YOUR TASK | Exact copies of all the lines below are needed, without the pictures.

DATA PROVIDED |

==============================

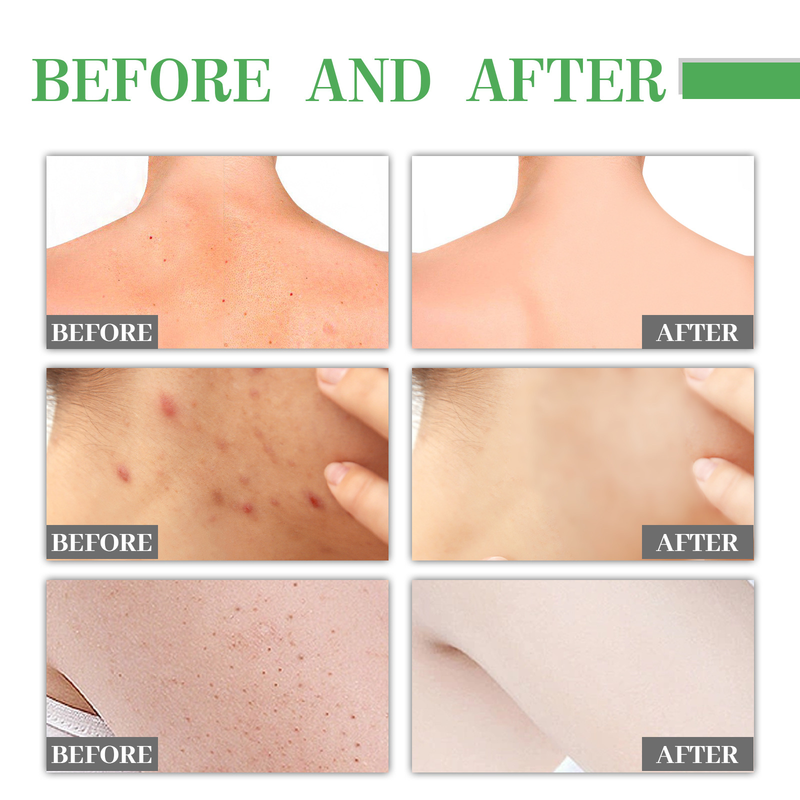 Jayswing Acne Removing&Whitening can lighten spots, acne marks, moisturize and whiten skin essence_voghion.com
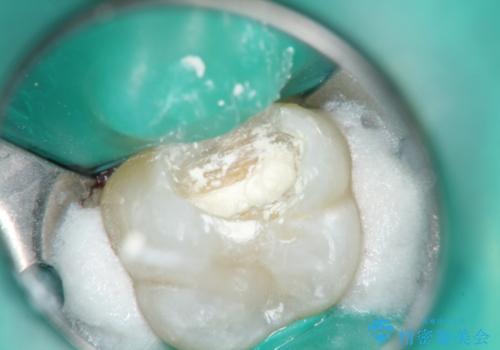 【VPT(歯髄温存療法)とセラミックインレー】深い虫歯でも神経を残したい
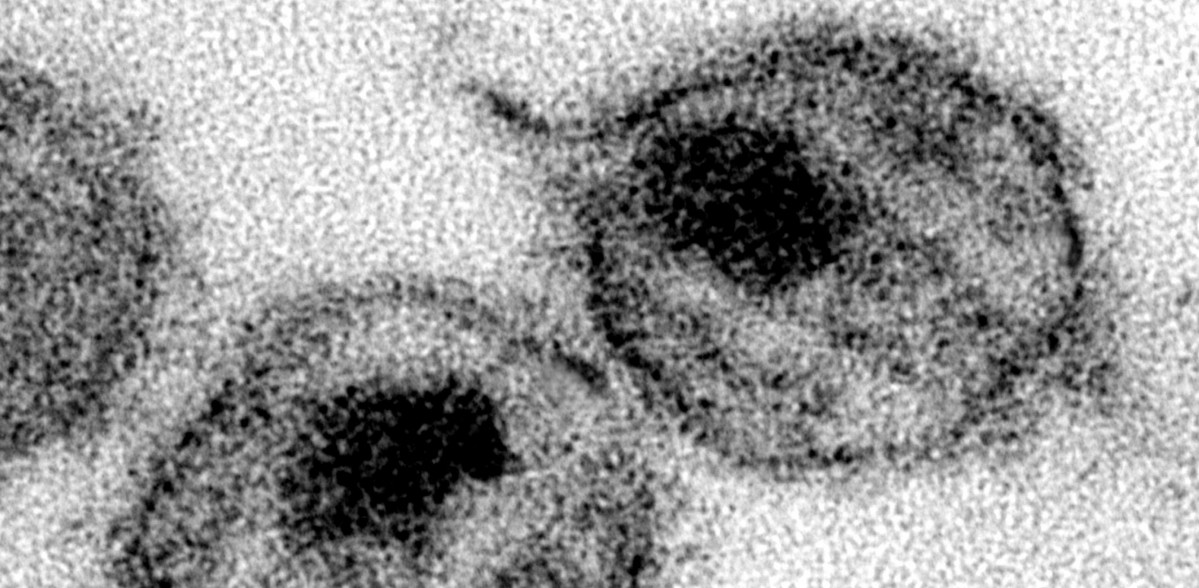 Virus de VIH (imatge d'A Harrison i P. Feorino, de l'USCDCP, via PIxnio).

==============================

RESPONSE BOX |
 Jayswing Acne Removing&Whitening can lighten spots, acne marks, moisturize and whiten skin essence_voghion.com
 【VPT(歯髄温存療法)とセラミックインレー】深い虫歯でも神経を残したい
 Virus de VIH (imatge d'A Harrison i P. Feorino, de l'USCDCP, via PIxnio).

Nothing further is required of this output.